Lo
seguí desde aquel encuentro en el metro, iba vestido como un perfecto
extraterrestre, con sus gafas enormes y aquella bufanda, la calva incompleta,
la tristeza perenne y esos hombros caídos de blue boy. La palabra blue
significa literalmente “azul”, pero nada en Woody Allen es literal, todo
confluye en un caos a veces nihilista, pero profundo, descarnado, hondo como
las volutas de humo de Manhattan.
Nos
perseguimos mutuamente, a veces yo me quedaba absorto a lo lejos, con la vista
puesta en su soledad de café de mala muerte. Sus ojos llenos de tristeza, el
cabello escaso, tan escaso como sus años de matrimonio feliz. Se casó muchas
veces, siempre en son de fracaso. Su vida era un caos, la mía también. Nunca me
he casado. Juntos hubiéramos desentrañado el sentido de la tristeza, del mundo.
Ni Santayana, ni Kant. Nadie como nosotros para lograr la alquimia perfecta de
la obra de arte experimental, orgánica, transgresora, al estilo de robóticos
personajes de Sade.
Aquella
persecución a través de Nueva York nos llevó a pequeños antros donde tiempo y
lugar se diluían, como las tramas de sus películas. Unas veces él aparecía bajo
el manto de un misionero hindú al servicio de cualquier potencia espiritual,
mientras mis aspiraciones de mago o de metafísico se iban a la ruina. Éramos
malos en el sexo, o al menos eso creíamos Woody y yo.
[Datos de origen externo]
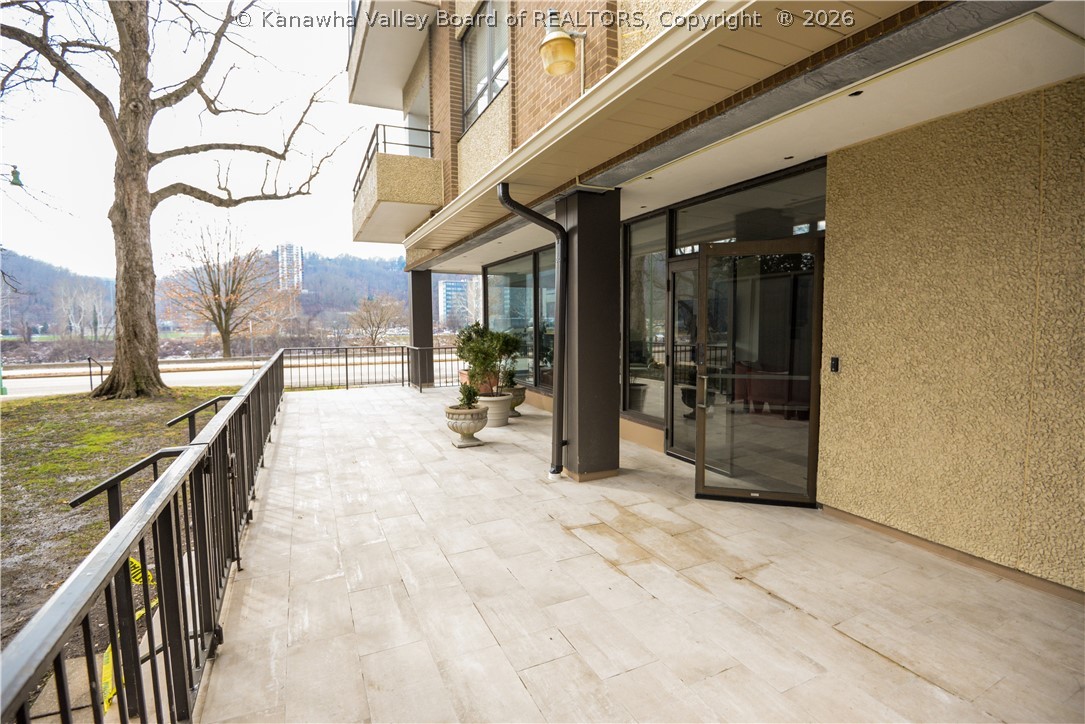 1578 Kanawha Boulevard E 8B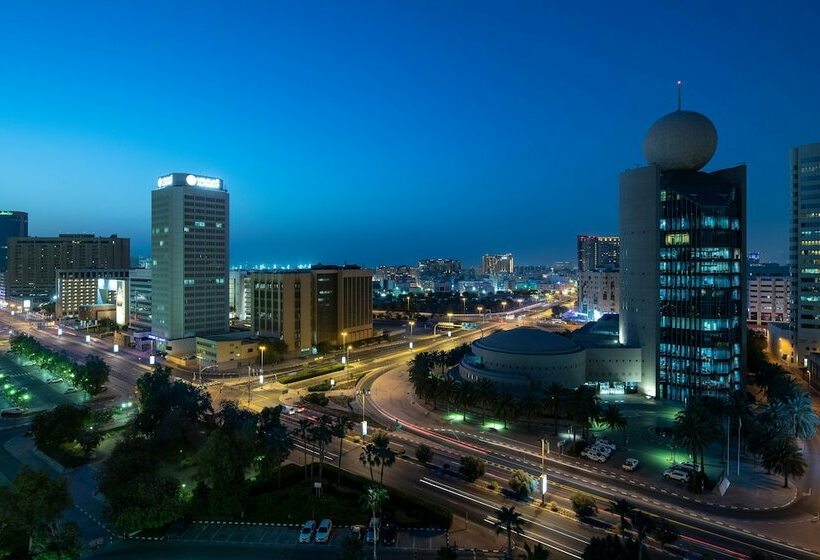 Номер Клуб, Sheraton Dubai Creek Hotel & Towers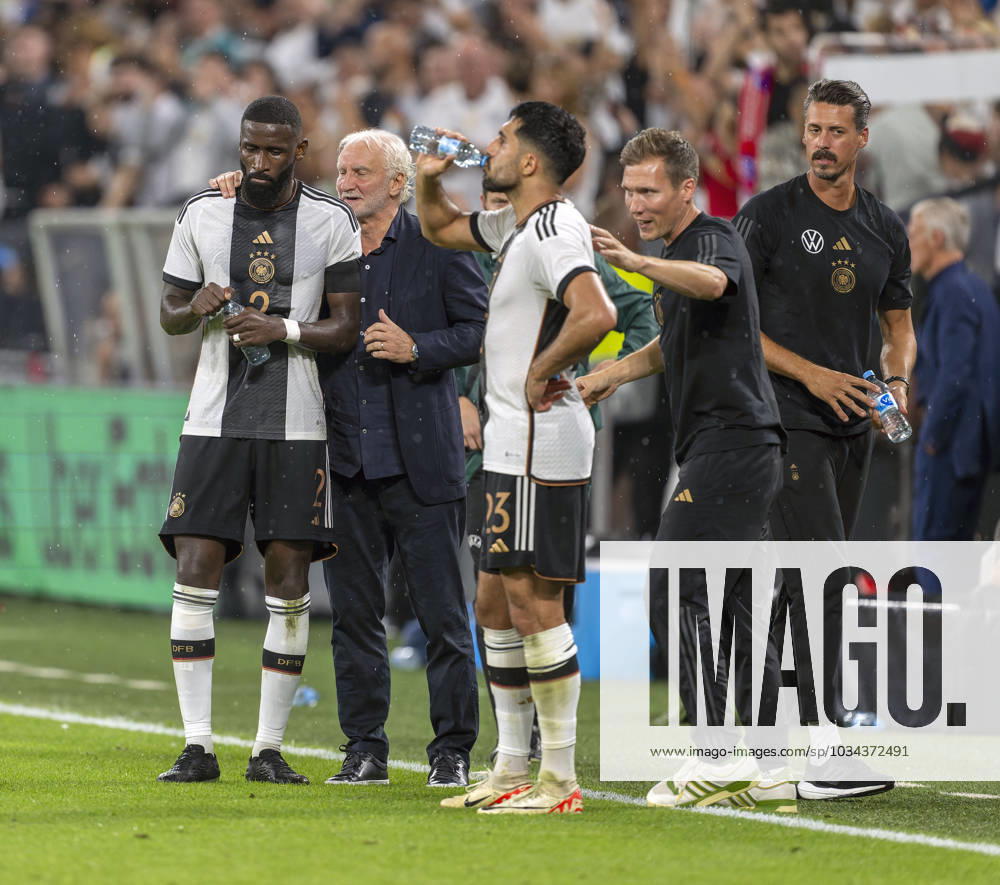 Fussball Nationalteams Freundschaftsspiele 2023, Länderspiel, Deutschland - Frankreich, im Signal-Iduna-Park Stadion Dortmund, v.li: Antonio Rüdiger (Deutschland), Interimstrainer Rudi Völler (Deutschland), Emre Can (Deutschland), Interims-Co-Trainer Hannes Wolf (Deutschland)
Pero no dejábamos de
escribir sobre monjas violadas, cajas secretas donde ocurren orgías
impensables, desapariciones que fungían como verdaderos mensajes del más allá.
Me descubrí
como un doble de Woody mientras doblábamos la esquina de alguna avenida de
locos tocadores de cláxones. La gente anda sin sentido, demente, abarrotando
las calles de improperios, ya nadie cita a Buda ni conocen el concepto
platónico de amor. La gente es miserable, inconsciente, carece de metas, andan
como bestias. En una película ambos salíamos como villanos, quemábamos medio
mundo, y luego nos íbamos de vacaciones a Europa, mientras la crítica era un
absurdo insecto de quinta categoría que entretenía sus últimos minutos haciendo
de guardián del orden.
La
palabra blue significa azul, pero si nos guiamos por la escritura automática y
los designios a la deriva de un cadáver exquisito, creo que al final todo
tendría sentido, o lo mismo da. El sentido es un invento para bobos, retardados
pintores de extrañas musarañas vendidas como cuadros de Van Gogh a viejos
pedófilos y de cortos pijos. La palabra blue funciona como catalizador de la
nueva peli de Woody. No la he visto, pero como buen doble que soy (también
funjo como doble de Bukowski, en mis días de asueto, en otra dimensión de la
locura), creo adivinar que la cinta intenta resarcir a quien se enamorara de
tantas adolescentes, a ese moderno Chopin, tejedor de su muerte, que besaba
pequeñas en los escondrijos del jardín de Madame Sand. Otra entrega europea,
que como aquella Medianoche en París, retrata el universo inestable, sin
tiempo, del artista.
Como
pájaro enjaulado, Woody Allen ha llegado a la madurez (o quizás a la total
falta de madurez) y esta entrega nos trae una mente más macabra, soñadora,
desvariada, cruel. Tierna, sincera, artística, alleniana (no en el sentido de
Allen Ginsberg), triste como son todas sus entregas. Alguien recién me dijo que
cada película del Blue Boy suena a Blue Boy, aunque el semicalvo y alocado
Woody no actúe. Sus marionetas funcionan como ecos, resonancias de la tristeza,
del azul. No he visto Blue Jazmine, la última cinta de mi director favorito,
una obra que quizás nos explique “todo lo que siempre quisimos saber sobre
Allen y que nunca nos atrevimos a preguntar”, incluyendo sodomía, sexo,
rebelión, zonas paralelas de la mente, tristeza, mucha tristeza. La tristeza de un Blue Boy exiliado del
matrimonio y de Nueva York, que anda cabizbajo, con las manos en sus bolsillos
citando quién sabe qué sabios de qué dimensión paralela.